A un novillero de verdad le sale un novillo de éstos y lo menos que se le puede exigir es que le corte la oreja. Eso o el Viaducto. Los otros espadas de la terna no deberían ser novilleros de verdad porque ninguna de las dos opciones les pareció bien y tiraron por la calle de en medio. Sencillamente, se limitaron a intentar el pase corrido y, si no salía, santas pascuas.

El pase corrido es el que da uno y luego aprieta a correr. Los diestros con fama de figuras lo prodigan y vale para que sus partidarios les llamen maestros. Los no partidarios, en cambio, les reprochan esa ventaja, que contradice el arte, y por eso no les reconocen la categoría de maestros. Y ahí viene la polémica: los partidarios contra los detractores; el arte o el sucedáneo.

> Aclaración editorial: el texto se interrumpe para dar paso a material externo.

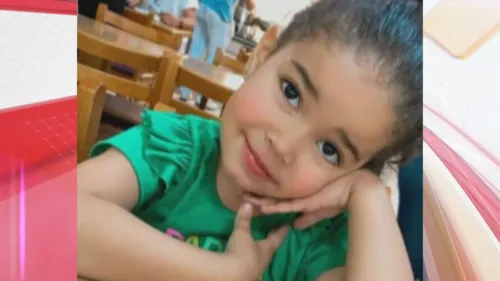 Heloísa dos Santos Silva, de 3 anos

Lo malo es que van llegando novilleros y a quienes toman de modelo es a las figuras con sus trucos. Y entonces el escalafón se llena de adocenados pegapases; de colegiales sin ganas de estudiar ni de trabajar, que encuentran más fácil, lucido y rentable eso de pegar un pase y salir corriendo.

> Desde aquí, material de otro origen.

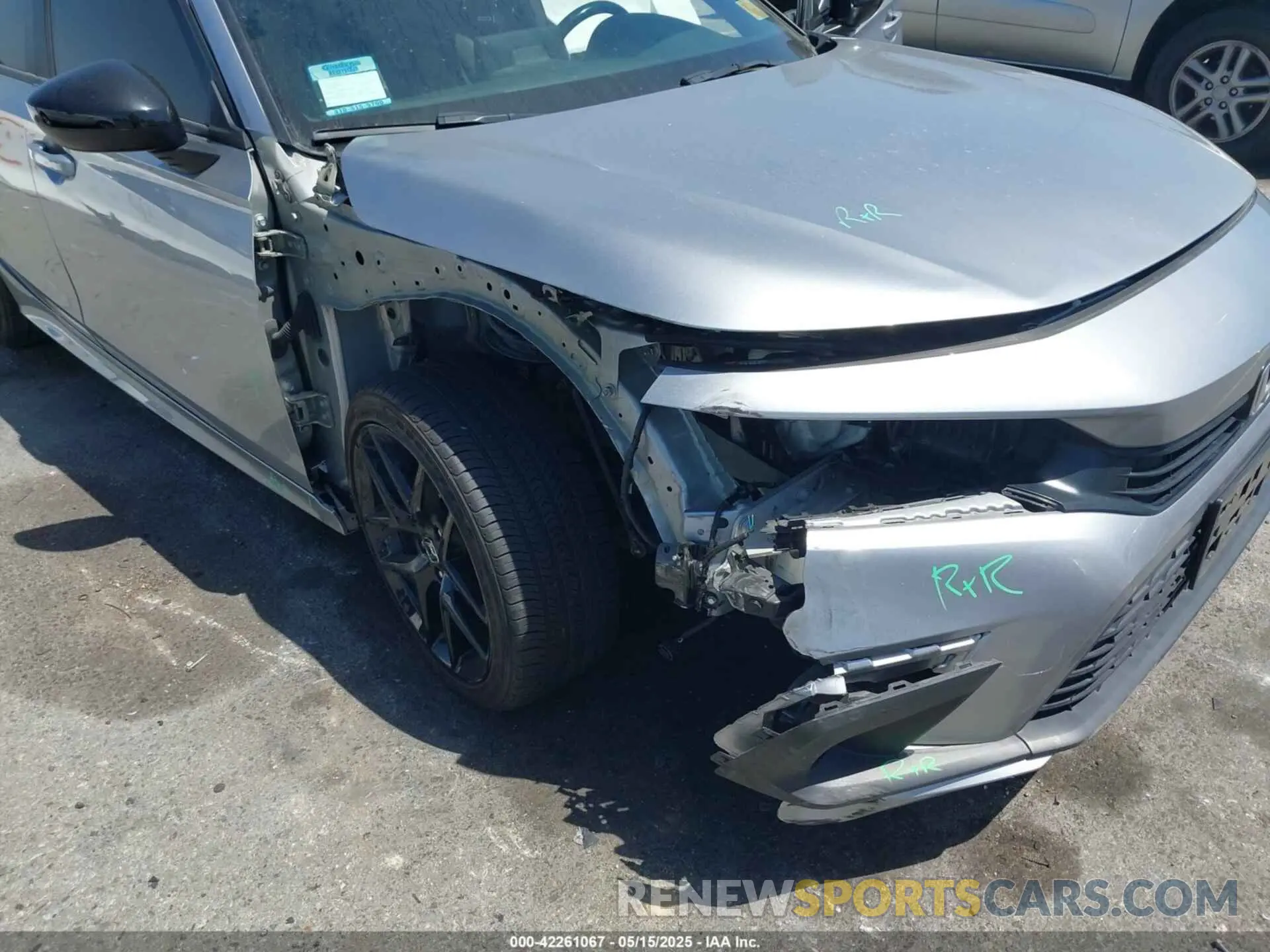6 Photograph of a damaged car 2HGFE2F57PH518673 HONDA CIVIC 2023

Se suele decir que a los novilleros conviene animarlos, regalarles orejas para fomentar su ilusión. No está uno muy seguro. Pues tampoco sería mala idea mostrarles el lado amargo de la profesión, los peligros del toro, la dureza del veleidoso público, el toreo cual debe ser.

El toreo cual debe ser: parar, templar y mandar; y, a estos efectos, citar cruzado, cargar la suerte, ligar los pases, todo lo cual requiere pasarse el toro cerca, tener próxima la cornada, que puede llegar... y tarde o temprano llega.

Es lo que no quiere de ninguna de las maneras la mayoría de los novilleros actuales. Los antiguos sí y por este motivo se veían antaño tantas volteretas. Hugo de Patrocinio y Jesús Millán acaso sean de aquellos pues iban al pase corrido, a abusar del pico aliviador; y sus excelentes novillos de bondad infinita se les fueron sin torear. Jesús Millán le añadió al sexto continuas destemplanzas, traducidas en múltiples enganchones, quizá porque el novillo embistió codicioso, fruto de la casta brava, que siempre es difícil domeñar.

El Cid, por el contrario, estaba en la autenticidad, en apuntarse a las reglas del arte, en parar, templar y mandar -o procurarlo al menos-, ciñendo las embestidas, ligando los pases. Y trascendió la emoción que dimana de estas formas. Y se le reconoció el mérito, y le dieron una oreja, que sería premio excesivo pero no regalo.

Un novillero que quiere hacer el toreo y lo intenta con pundonor, sin trampa ni cartón, debe tener su aliciente y su recompensa. Menuda emoción llevaba El Cid cuando daba la vuelta al ruedo con la oreja en la mano. No podía ni andar. Parecía que iba pisando huevos.